Catan é tão influente que podemos ter de fazer uma partida quando entramos em algumas empresas. Faz parte da cultura e pode ser um modo de avaliar personalidades. Catan aparece em séries de televisão populares como The Big Bang Theory. Neste momento, Catan faz parte da cultura popular. Klaus Teuber é o exemplo do criador que transformou uma paixão em profissão, algo que hoje tantas pessoas aspiram. Todos querem fazer o próximo Catan.

Numa perspectiva totalmente diferente, o jogo também foi criticado, quando alguns viram na exploração da ilha da Catan o processo colonialista europeu, de ocupação de territórios e exploração dos seus recursos, ignorando os nativos.
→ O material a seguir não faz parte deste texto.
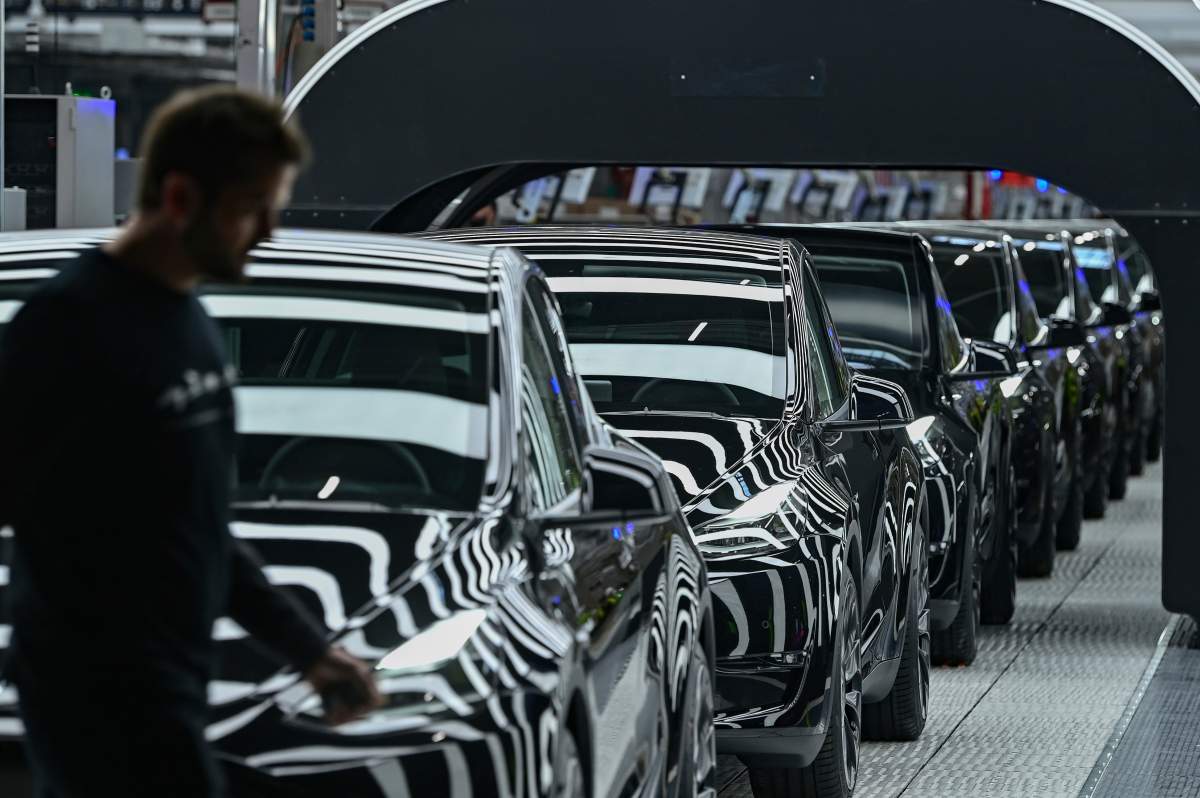 Model Y electric vehicles stand on a conveyor belt at the opening of the Tesla factory in Berlin Brandenburg in Gruenheide, Germany, Tuesday, March 22, 2022.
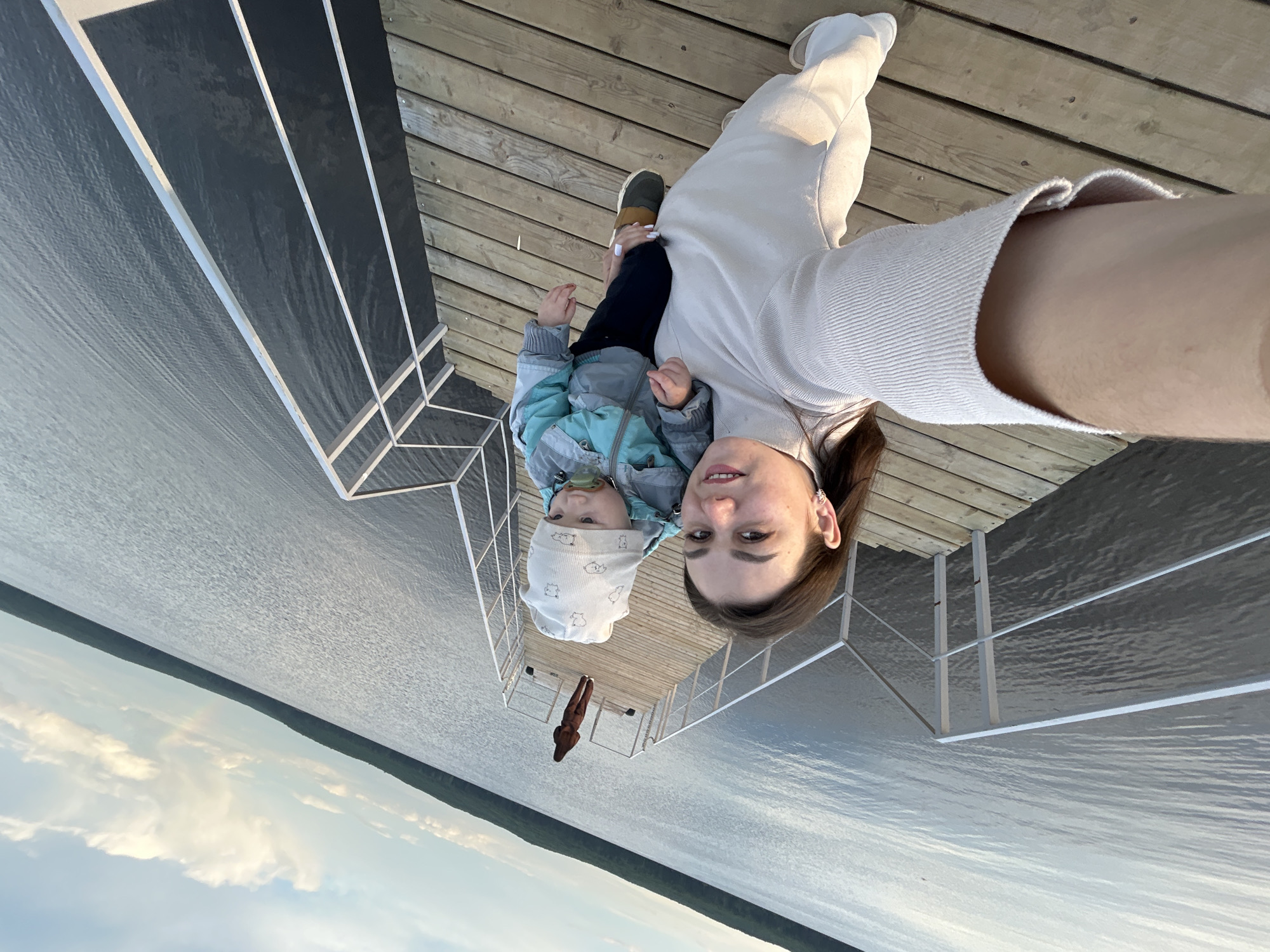 A woman holds a young child on a wooden dock, likely on the Votkinsk Reservoir in Chaikovsky, Russia. The woman is fair-skinned and wears a light-colored sweater, with dark hair pulled back. The child is also fair-skinned, wearing a light-colored patterned hat and a blue and gray jacket. The dock has a metal railing. The reservoir is visible with trees in the background under a sky with some clouds.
São interpretações contemporâneas, exagerados ou não, mas que revelam a importância do jogo. Sabemos que essa não era a intenção de Teuber, pois tudo leva a crer que estivesse a pensar nas colonizações vikings de locais como a Islândia, uma ilha inabitada onde lutar contra os elementos naturais era o principal desafio.

Mas o jogo como media e objecto é um poderoso meio de transmissão de ideias e valores. Catan provou isso, e hoje questiona-se como nunca os valores que transmitem os jogos, assumindo-se o lado sério de criar e usar os jogos como ferramentas directas ou indirectas de propagação cultural, ideologias e valores.

Desapareceu Teuber, mas ficou a obra, a inspiração e a certeza que é possível fazer algo lúdico que pode ter um impacto positivo no mundo.